Implementation:Turboderp org Exllamav2 Attn Params

Knowledge Sources	Turboderp_org_Exllamav2
Domains	Attention, Inference Parameters
Last Updated	2026-02-15 00:00 GMT

Overview

Params and PagedParams manage attention mask construction, positional encoding offsets, and sequence metadata required by every attention layer during forward passes through ExLlamaV2 models.

Description

The Params class is the standard attention-parameter container used during non-paged inference. It tracks the current batch_size, seq_len, past_len (or a list of past lengths when using multiple caches via multi_cache), an optional input_mask for non-causal attention patterns, position_offsets for batched sequences of differing lengths, and alt_rope_embed / rope_offsets for alternative rotary positional embedding schemes. The class lazily builds causal attention masks via build_single_attn_mask() and caches them for reuse across layers. When tensor parallelism is active, prep_tp() replicates position offsets and past-length tensors to every device in the KV split.

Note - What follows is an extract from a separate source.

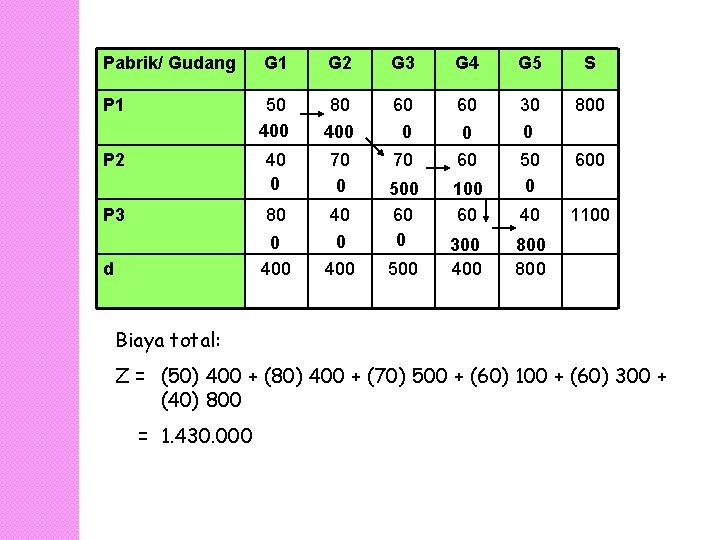 Pabrik/ Gudang G 1 G 2 G 3 G 4 G 5 S P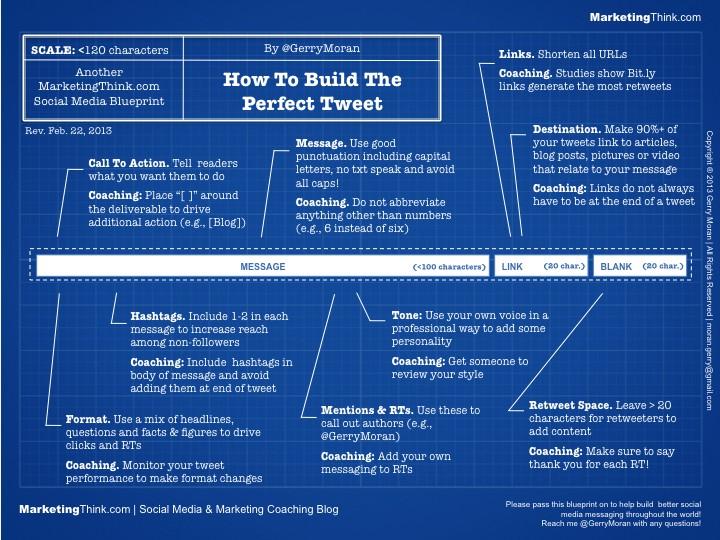 Analisi del Tweet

PagedParams extends Params with paged-attention metadata: a block_index tensor mapping virtual pages to physical cache blocks, cache_seqlens per batch element, max_cache_seqlen, and page_size. It also detects whether the block layout is sequential (contiguous physical pages) to enable optimised sequential-write paths. PagedParams overrides get_attn_mask() to raise NotImplementedError because paged attention kernels compute masking internally. It also provides its own prep_tp() that distributes block indices and cache sequence lengths across GPU devices.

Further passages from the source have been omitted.